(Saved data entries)
--------------------------------

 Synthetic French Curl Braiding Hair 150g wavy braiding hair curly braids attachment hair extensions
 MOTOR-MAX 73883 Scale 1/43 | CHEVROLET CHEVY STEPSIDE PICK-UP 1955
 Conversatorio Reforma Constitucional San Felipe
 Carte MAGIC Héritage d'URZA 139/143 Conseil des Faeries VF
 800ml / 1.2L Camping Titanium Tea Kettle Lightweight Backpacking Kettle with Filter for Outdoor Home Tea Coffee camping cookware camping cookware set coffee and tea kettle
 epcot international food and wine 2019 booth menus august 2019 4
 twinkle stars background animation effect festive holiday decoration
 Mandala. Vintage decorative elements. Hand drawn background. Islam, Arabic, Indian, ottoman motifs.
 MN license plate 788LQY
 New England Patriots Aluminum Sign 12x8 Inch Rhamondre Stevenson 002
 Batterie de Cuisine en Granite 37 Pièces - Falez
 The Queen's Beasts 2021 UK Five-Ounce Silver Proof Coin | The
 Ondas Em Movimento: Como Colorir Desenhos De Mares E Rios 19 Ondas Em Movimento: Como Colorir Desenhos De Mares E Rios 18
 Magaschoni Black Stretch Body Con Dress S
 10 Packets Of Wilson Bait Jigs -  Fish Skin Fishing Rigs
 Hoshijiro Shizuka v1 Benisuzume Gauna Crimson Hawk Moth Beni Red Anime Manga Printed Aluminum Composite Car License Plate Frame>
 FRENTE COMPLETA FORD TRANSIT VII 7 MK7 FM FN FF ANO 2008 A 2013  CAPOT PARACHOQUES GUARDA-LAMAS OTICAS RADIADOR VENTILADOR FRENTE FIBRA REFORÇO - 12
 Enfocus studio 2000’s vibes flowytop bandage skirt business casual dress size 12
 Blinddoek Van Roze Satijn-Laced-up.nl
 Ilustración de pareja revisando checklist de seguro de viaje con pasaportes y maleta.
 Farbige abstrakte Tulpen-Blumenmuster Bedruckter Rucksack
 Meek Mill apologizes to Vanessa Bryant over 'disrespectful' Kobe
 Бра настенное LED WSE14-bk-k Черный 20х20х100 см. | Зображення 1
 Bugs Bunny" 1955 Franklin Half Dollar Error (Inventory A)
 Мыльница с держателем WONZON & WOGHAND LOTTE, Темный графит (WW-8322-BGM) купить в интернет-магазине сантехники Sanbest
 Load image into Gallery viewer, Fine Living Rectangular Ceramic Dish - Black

--------------------------------

Activity: Your answer must be the lines above from the one containing "10 Packets Of" to the one containing "Blinddoek Van Roze Satijn-Laced-up.nl", both included, restated word for word.

Answer space:
 10 Packets Of Wilson Bait Jigs -  Fish Skin Fishing Rigs
 Hoshijiro Shizuka v1 Benisuzume Gauna Crimson Hawk Moth Beni Red Anime Manga Printed Aluminum Composite Car License Plate Frame>
 FRENTE COMPLETA FORD TRANSIT VII 7 MK7 FM FN FF ANO 2008 A 2013  CAPOT PARACHOQUES GUARDA-LAMAS OTICAS RADIADOR VENTILADOR FRENTE FIBRA REFORÇO - 12
 Enfocus studio 2000’s vibes flowytop bandage skirt business casual dress size 12
 Blinddoek Van Roze Satijn-Laced-up.nl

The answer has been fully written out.